● **EXERCISE REQUIREMENTS**: Images in the data are to be skipped, while every line is restated exactly as written.

··· MATERIAL SHOWN

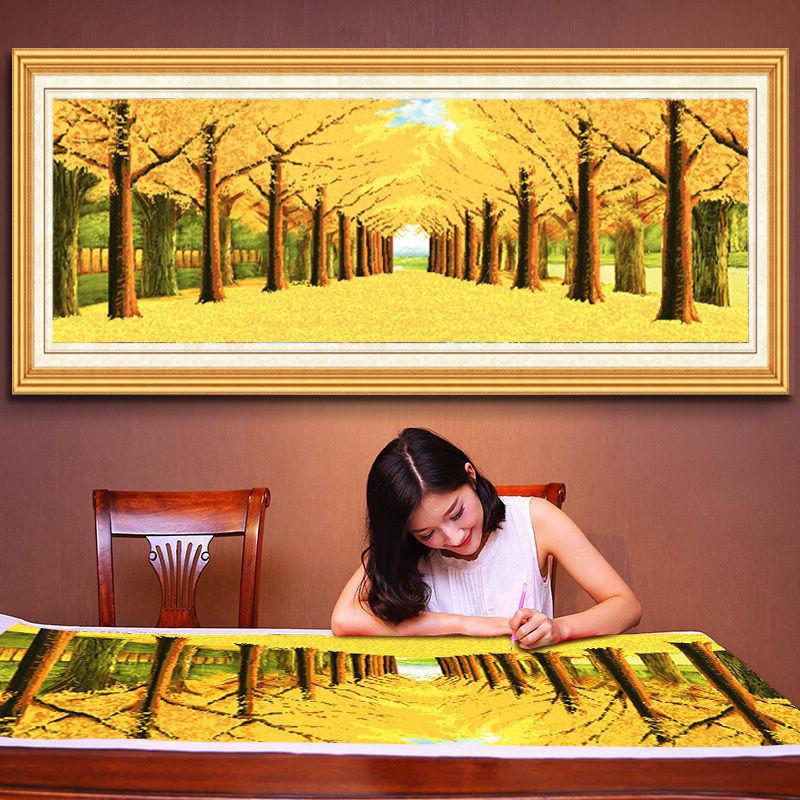 黄金满地新款自己手工刺绣成品绣好的十字绣线绣大全客厅风景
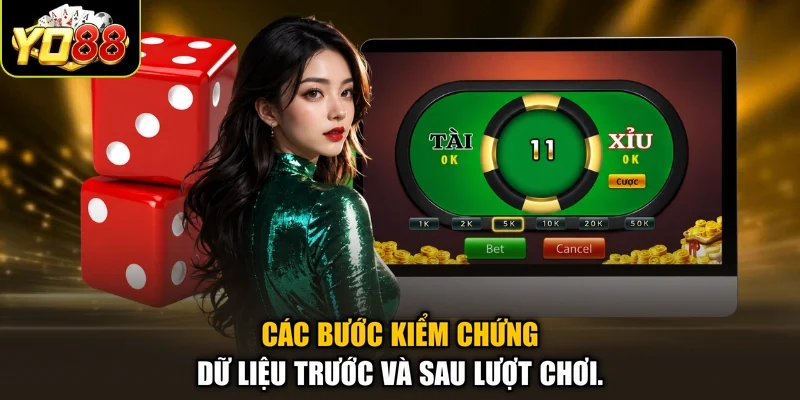 Các bước kiểm chứng dữ liệu trước và sau lượt chơi.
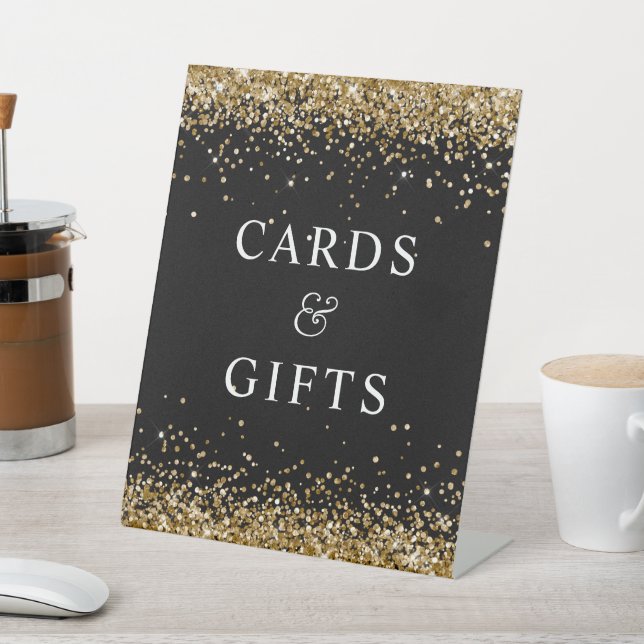 Gold Glitter and Black Cards & Gifts Pedestal Sign (In SItu)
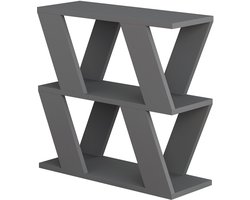 HOCUS PICUS Smal Bijzettafeltje met 2 Opbergplanken | 2-Lagen Tafel | Slanke Eindtafel | Modern Design | Voor Woonkamer, Slaapkamer, Kantoor | Meerdere Kleuropties | 60x22x57cm (Antraciet)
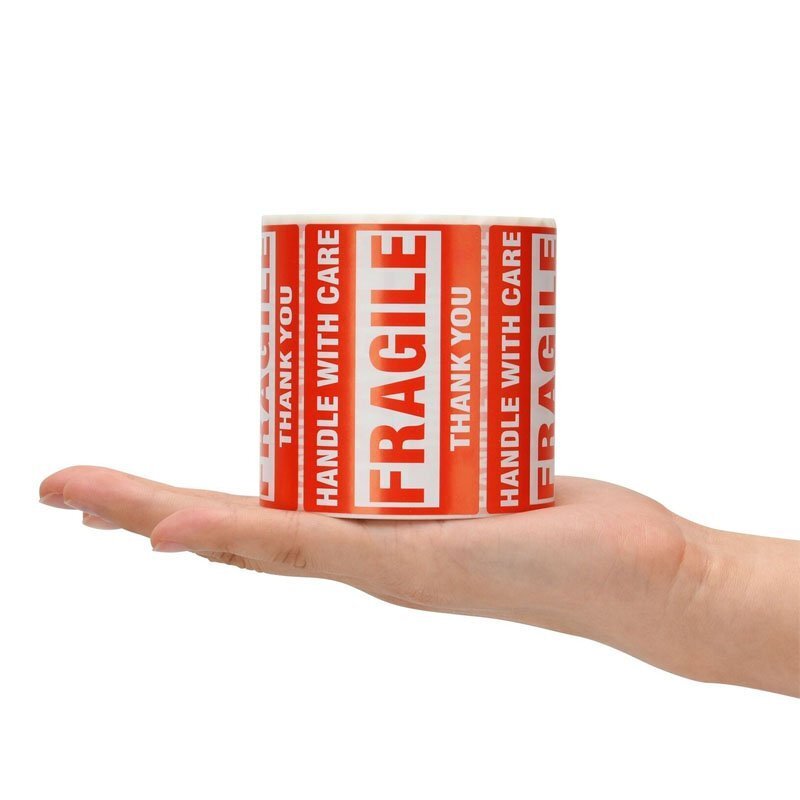 Fragile Handle With Care Stickers - Red 2x3 Inch Labels, 500 Per Roll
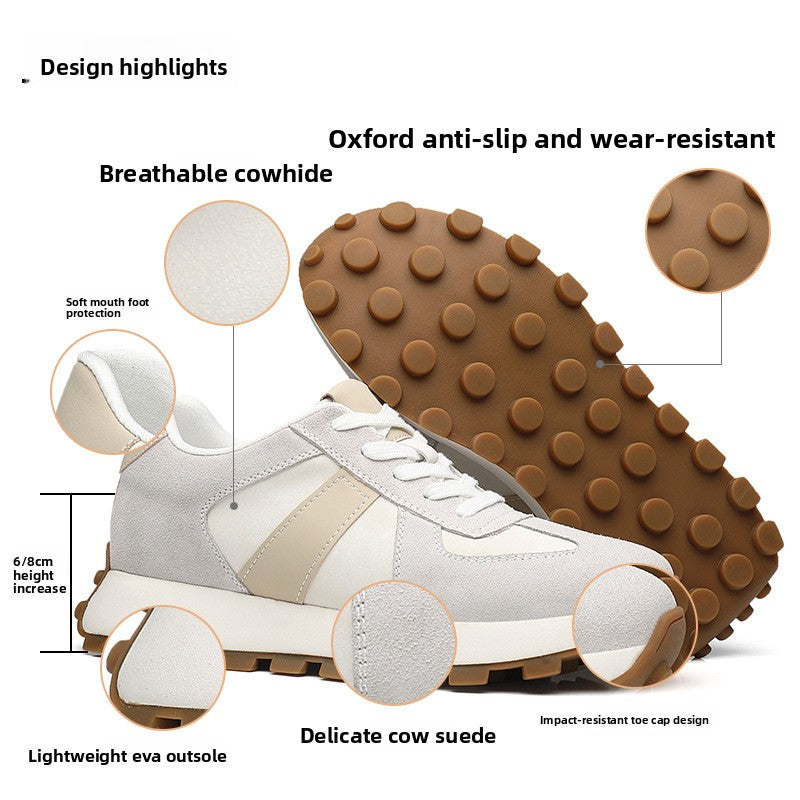 Light Gray Suede Retro Runner Sneaker Beige Panel White Lace Up Gum Sole Casual | Women Men Comfortable Everyday Walking Fashion Sneaker Shoes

······

● **RESPONSE BELOW**:
 黄金满地新款自己手工刺绣成品绣好的十字绣线绣大全客厅风景
 Các bước kiểm chứng dữ liệu trước và sau lượt chơi.
 Gold Glitter and Black Cards & Gifts Pedestal Sign (In SItu)
 HOCUS PICUS Smal Bijzettafeltje met 2 Opbergplanken | 2-Lagen Tafel | Slanke Eindtafel | Modern Design | Voor Woonkamer, Slaapkamer, Kantoor | Meerdere Kleuropties | 60x22x57cm (Antraciet)
 Fragile Handle With Care Stickers - Red 2x3 Inch Labels, 500 Per Roll
 Light Gray Suede Retro Runner Sneaker Beige Panel White Lace Up Gum Sole Casual | Women Men Comfortable Everyday Walking Fashion Sneaker Shoes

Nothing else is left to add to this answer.